* Requirement:
Repeat the records below exactly, leaving out every picture.

* Data for this exercise:

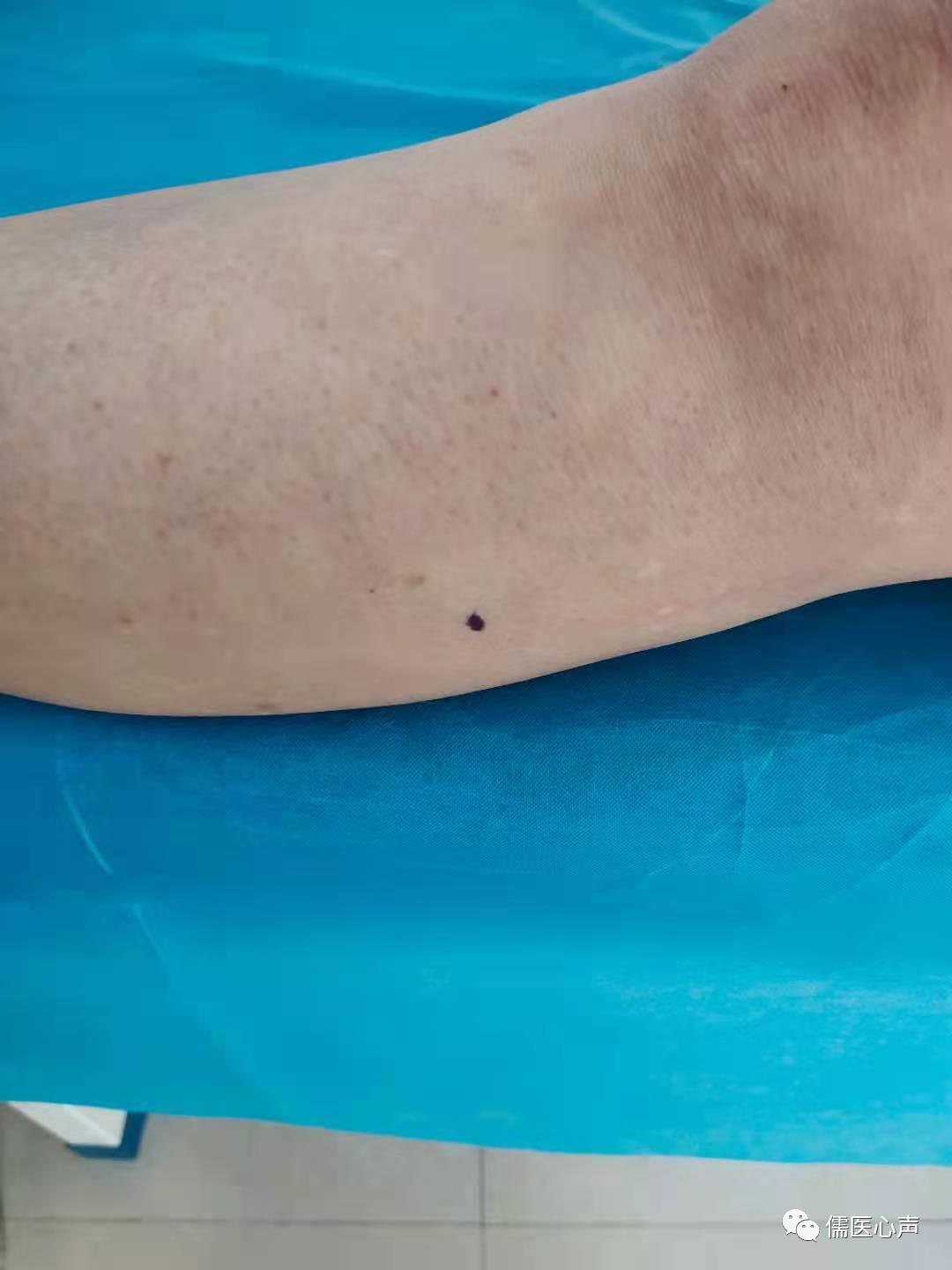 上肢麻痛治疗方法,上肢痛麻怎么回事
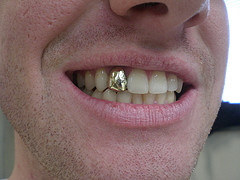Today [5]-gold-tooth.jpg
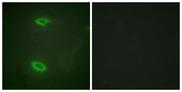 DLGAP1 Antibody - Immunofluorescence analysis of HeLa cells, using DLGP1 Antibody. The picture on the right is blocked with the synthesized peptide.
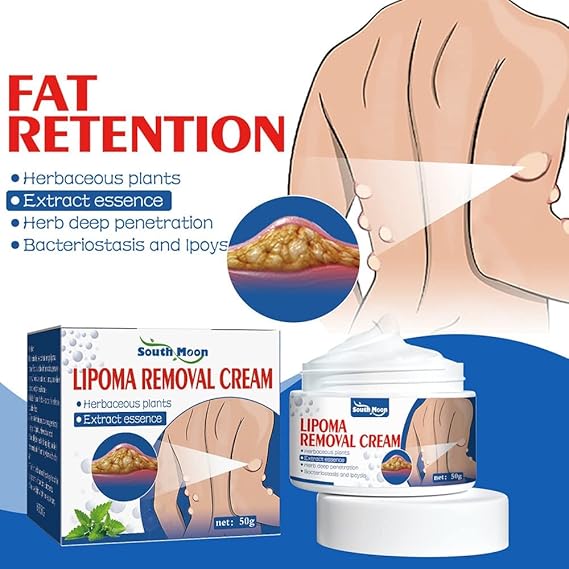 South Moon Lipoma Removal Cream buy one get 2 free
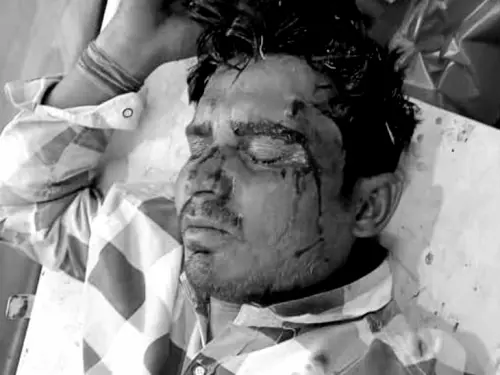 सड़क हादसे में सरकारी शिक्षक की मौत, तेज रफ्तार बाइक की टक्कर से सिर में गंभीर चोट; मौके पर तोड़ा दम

* Output for this task:
 上肢麻痛治疗方法,上肢痛麻怎么回事
Today [5]-gold-tooth.jpg
 DLGAP1 Antibody - Immunofluorescence analysis of HeLa cells, using DLGP1 Antibody. The picture on the right is blocked with the synthesized peptide.
 South Moon Lipoma Removal Cream buy one get 2 free
 सड़क हादसे में सरकारी शिक्षक की मौत, तेज रफ्तार बाइक की टक्कर से सिर में गंभीर चोट; मौके पर तोड़ा दम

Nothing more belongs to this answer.